The further one reads in the novel, however, the more one wonders whether these are flaws, or part of a greater scheme. To put it another way, it eventually becomes hard to tell whether Prophet is a technothriller, or a parody of one. There is what feels like a studied, uniform blandness to the novel's setting, and the spaces Adam and Rao move through. They bounce from meeting rooms to motel rooms to cafeterias. They eat at Starbucks and McDonalds, with a well-regarded local steakhouse as a rare treat. The badness of the coffee, and the occasional highlight of a good cafeteria meal, are always commented upon.

It feels as if a deliberate dissonance is being created, between the weirdness of Prophet, and the banality with which it, and the uses to which its military contractor creators plan to put it, are discussed. Towards the end of the novel, Adam and Rao sit down to a meeting with military officers and corporate honchos to discuss how to infiltrate a zone where Prophet-created objects—now possessed of a rudimentary self-awareness and seemingly hostile intent—have taken over, calmly discussing logistics and materiel even though, as Adam eventually admits to Rao, what they're witnessing is the unraveling of reality.

It's easy to miss this sly needling, because the procedural elements of Prophet are nevertheless compulsively readable.
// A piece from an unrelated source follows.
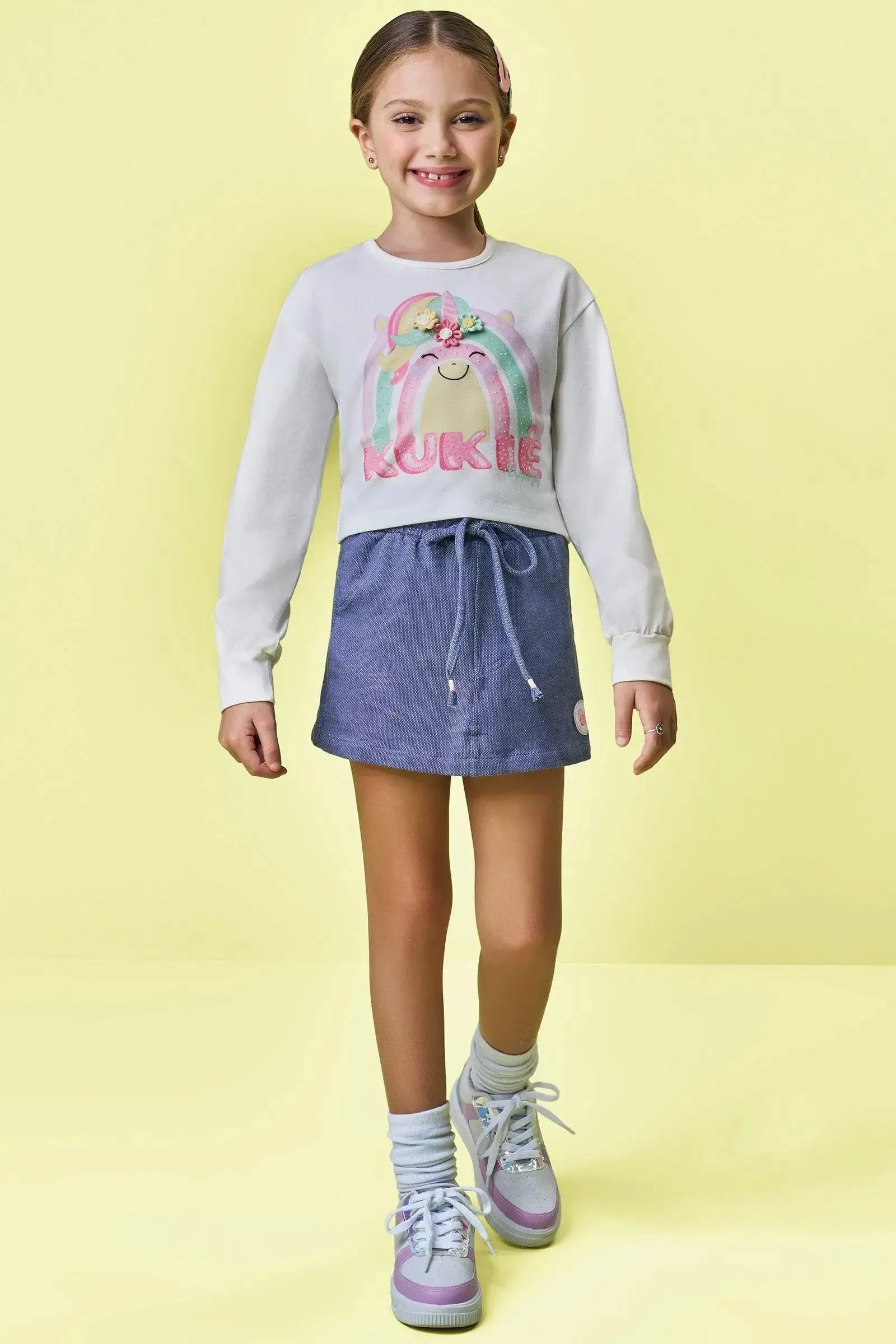 Conjunto de Blusa Boxy em Meia Malha e Short Saia em Malha Denin 90679 Kukiê Infantil Menina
This is largely because Adam and Rao are so much fun to spend time with, rubbing against each other in ways that are at once prickly and deeply compatible. Their investigation is interspersed with flashbacks to both men's lives—Rao's deteriorating mental state as he fails to convince the CIA officers to whom he's been assigned in Afghanistan that the men they are torturing genuinely don't know anything; Adam's childhood under the thumb of an abusive, homophobic father. It quickly becomes clear that they are each other's only real friend—Adam is the only person who seems to value Rao in himself, not as an asset; Rao brings Adam out of his shell—and maybe much more than that. At the same time, it's clear the two men have fundamentally misunderstood each other. Rao has taken Adam's impassive exterior as a reflection of his inner blankness, instead of the self-protective, closeted performance that it is. Adam is sure that he has made his feelings for Rao clear, and that Rao's failure to acknowledge them comes from a place of mockery.

So, then, Prophet is a romance. A particularly fanfic-y romance at that, full of quippy banter, mutual but unacknowledged longing, and barely-suppressed desire (some reviewers have even identified the novel as reskinned Inception fanfic, though to my knowledge, without any confirmation from the authors). The uniformity of the novel's daytime settings doesn't matter, because the real action is happening at night, when Adam and Rao are alone in their motel room with each other, their desires, and their regrets. And yet here, too, there are infelicities. Places where the novel breaks the by-now established rules of the romantasy genre. The two men's exposure to Prophet seems to herald a leveling-up in their relationship, which then fails to materialize. As the novel approaches its end, we keep expecting one or the other of its heroes to broach its unspoken subtext, but they hold off. Adam keeps telling us that if Rao hasn't figured out how he feels about him, there's no point in telling him. Rao seems to recognize Adam's feelings, but doesn't know what to do about them.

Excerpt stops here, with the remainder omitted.